* [RECORDS SUPPLIED]
:::
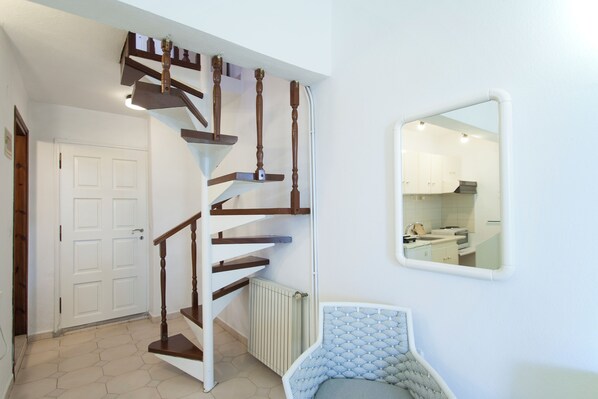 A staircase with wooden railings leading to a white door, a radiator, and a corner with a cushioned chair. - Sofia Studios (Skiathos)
:::
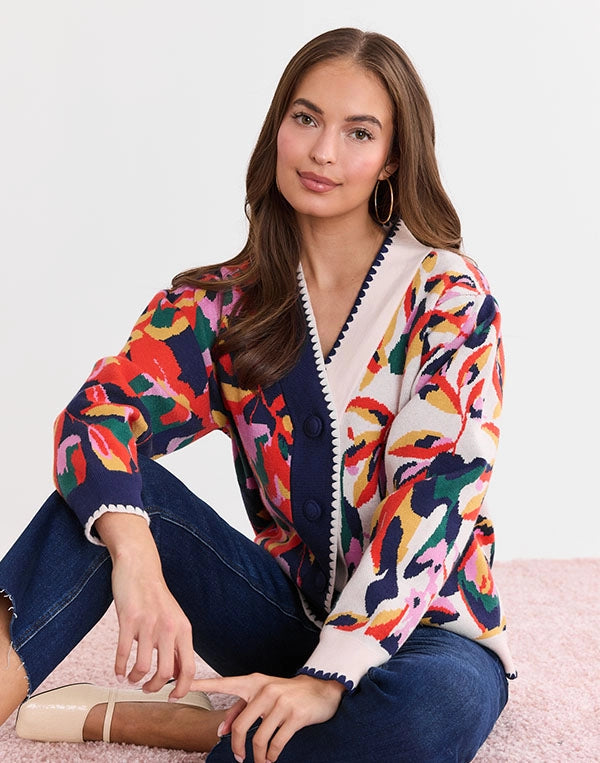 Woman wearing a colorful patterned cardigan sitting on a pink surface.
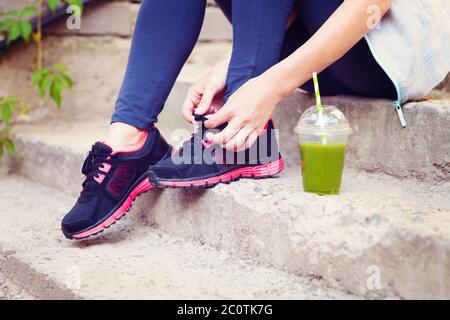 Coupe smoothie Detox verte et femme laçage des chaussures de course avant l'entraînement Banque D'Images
:::
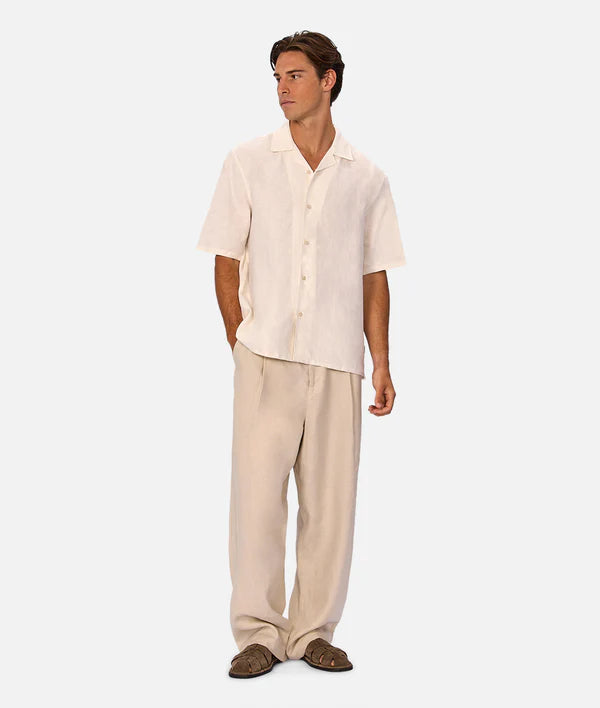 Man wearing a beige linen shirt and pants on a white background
:::
What's needed is an exact copy of the records above from the line containing "Woman wearing a" down to the line containing "Coupe smoothie Detox", both included, without any pictures.

 Woman wearing a colorful patterned cardigan sitting on a pink surface.
 Coupe smoothie Detox verte et femme laçage des chaussures de course avant l'entraînement Banque D'Images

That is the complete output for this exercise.